PARIS.- Notions of space, vision and light run through the abstract art of the 20th century and interest many world renowned contemporary artists such as Ann Veronica Janssens, Anish Kapoor, John Armleder, Carsten Höller, Philippe Decrauzat, Jeppe Hein, Felice Varini and Xavier Veilhan. By putting vibration along with the spectators perception in the centre of their works, they set up multiple resonances with optical and kinetic art, which first emerged at the Movement exhibition in Denise Renés Paris gallery in 1955, but also, more broadly, with what was later called perceptual art at the exhibition The Responsive Eye at the Museum of Modern Art in New York in 1965.
In an unprecedented move, the whole of the
Galeries nationales du Grand Palais, an area of about 3,700 square metres, has been made available for the exhibition, in order to present almost 150 artists, who contributed to the development of this approach over a hundred years or so. Outstanding among them are Julio Le Parc, François Morellet, Gianni Colombo, Jesús Rafael Soto, Dan Flavin, Hans Haacke, James Turrell, Yayoi Kusama, Victor Vasarely, Kenneth Noland, Jean Tinguely, Yaacov Agam, Tony Conrad, Pol Bury, Alexander Calder, Marcel Duchamp, Gerhard von Graevenitz, Christian Megert, Nicolas Schöffer, Bridget Riley, Dan Graham, Takis, Gregorio Vardanega, as group of artists such the GRAV (Group of visual Arts research), and the group Zero.
After an introduction that starts with the most recent work and goes back in time, the exhibition puts the emphasis on the dialogue between the various periods, seeking to show the continuity of these ideas and their complex interweaving. The two main parts Vision and Space are divided into sixteen subsections dealing with various aspects of phenomenal experience: immateriality, monochrome, interference, immersion, flickering, haziness, instability, distortion, the void, the invisible and permutation.

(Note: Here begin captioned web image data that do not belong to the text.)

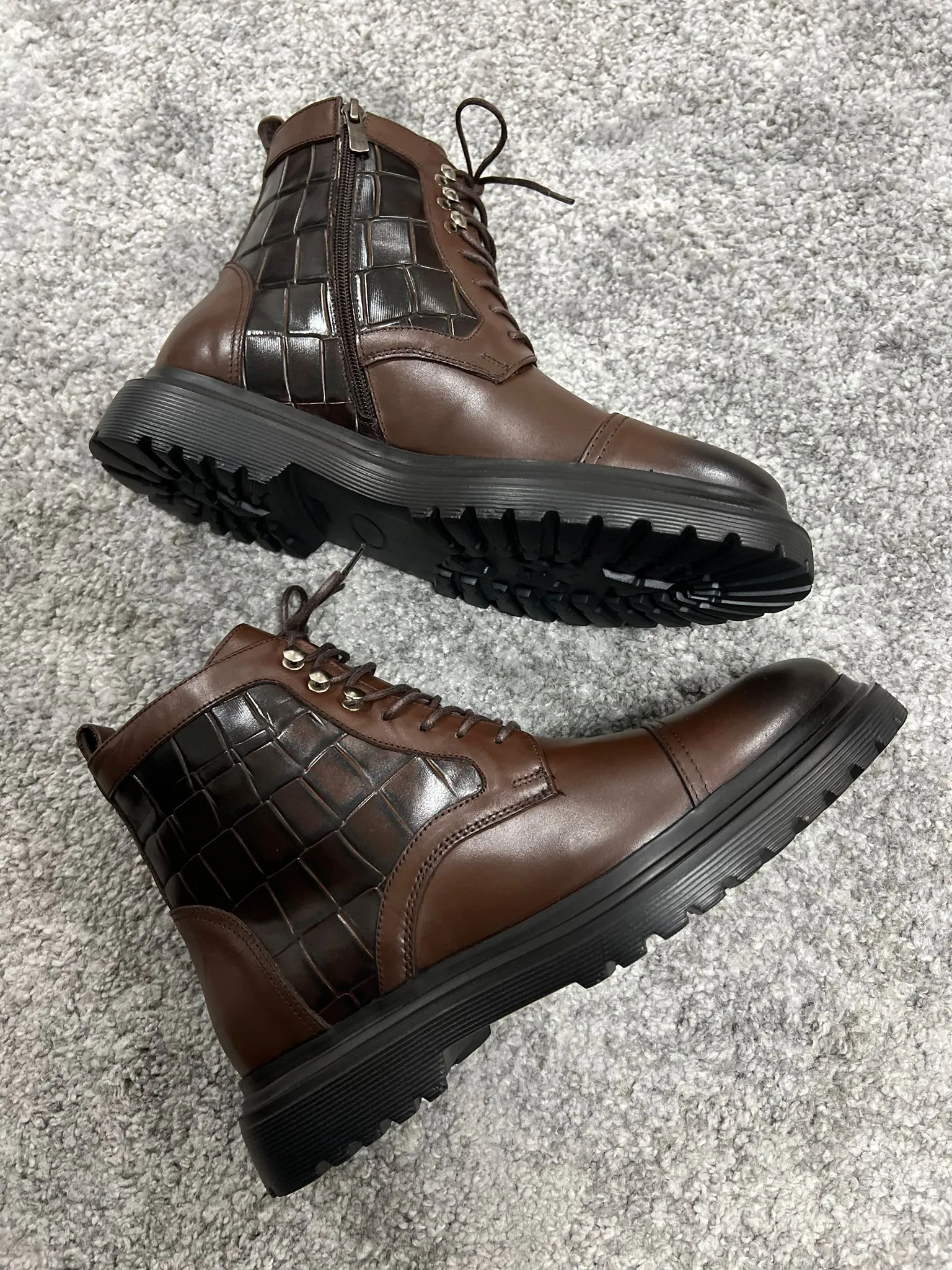 Lenzi Special Edition Zippered Croc Theme Leather Brown Boots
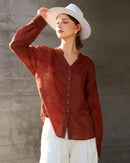 Ramie V-Neck Button-Down Shirt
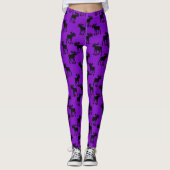 Moose Silhouetten op Paarse - Leggings (Voorkant)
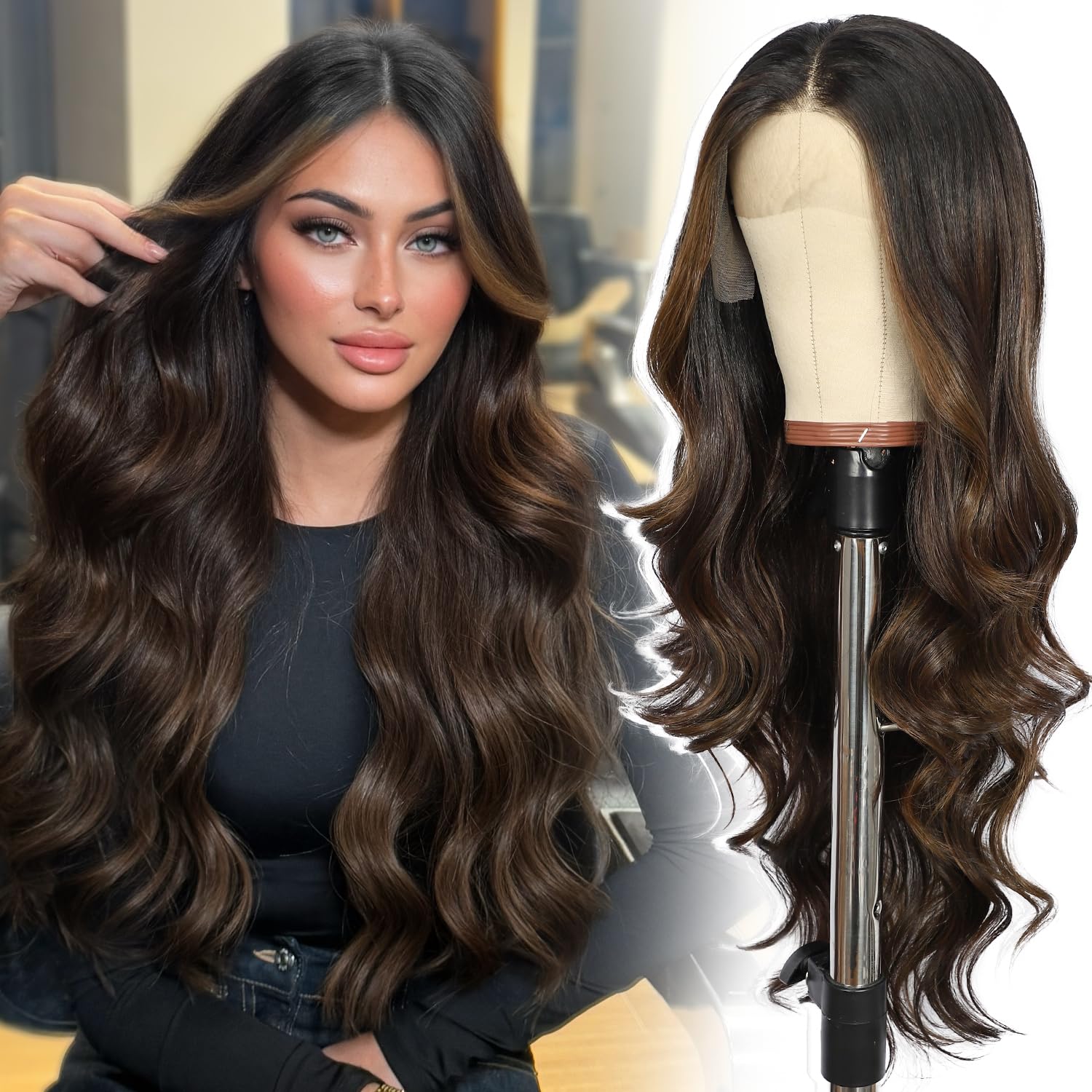 SOMIARIK Chocolate Brown Long Wavy Lace Front Wig, 13x4 Synthetic Lace Front Wig for Women Pre plucked Bleached Knots With Baby Hair Heat Resistant Fiber Hair Highlight Wigs Party Daily 26 Inches — image 1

Visitors are greeted by Fujiko Nakayas mist sculpture in Jean Perrin Square. The exhibition ends with the earliest period and the forerunners of the movement: Giacomo Balla, Robert Delaunay, Frantisek Kupka, Marcel Duchamp, Hans Richter, Alexander Calder, Alexander Rodchenko and László Moholy-Nagy and others, who were the first to try to express a profoundly abstract, dynamic, immaterial conception of reality through painting, sculpture or film.